Large scale screening of health care workers and the general population for asymptomatic COVID-19 infection requires modalities that are amenable to testing at scale while retaining acceptable levels of sensitivity and specificity.This study evaluated a novel COVID-19 Direct-RT LAMP assay using saliva samples in asymptomatic individuals by comparison to RT-PCR. Additional studies were performed using VTM collected from routine diagnostic testing. Analytical sensitivity was determined for Direct RT-LAMP assay using the WHO International Standard.

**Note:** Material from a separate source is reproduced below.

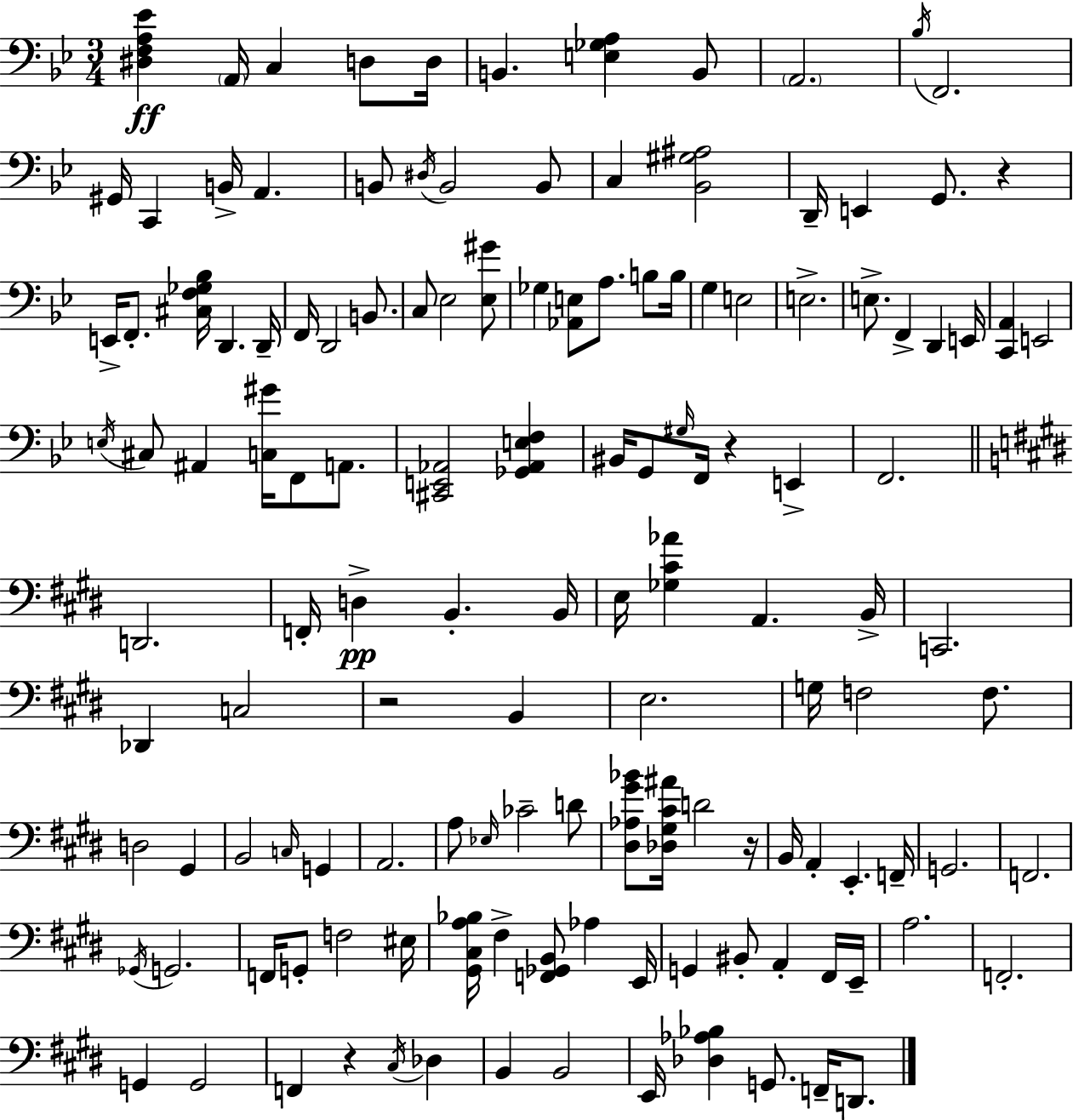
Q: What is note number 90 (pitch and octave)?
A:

Finally, quantified results from RT-PCR testing of 9177 nose and throat swabs obtained from routine diagnostic testing were used to estimate the sensitivity of Direct RT-LAMP using the limit of detection curve obtained from the analytical sensitivity data.Results from saliva testing demonstrated a sensitivity of 40.91% and a specificity of 100% for Direct RT-LAMP. The sensitivity and specificity for nose and throat swabs were 44.85% and 100% respectively. The 95% limit of detection (LOD) for Direct RT-LAMP was log 7.13 IU/ml (95% 6.9–7.5). The estimated sensitivity for Direct-RT LAMP based on the results of 9117 nose and throat swabs was 34% and 45% for saliva and VTM respectively.The overall diagnostic sensitivity of Direct RT-LAMP was low compared to RT-PCR. Testing of nose and throat swabs and estimating the sensitivity based on a large cohort of clinical samples demonstrated similar results. This study highlights the importance of utilising the prospective collection of samples from the intended target population in the assessment of diagnostic sensitivity.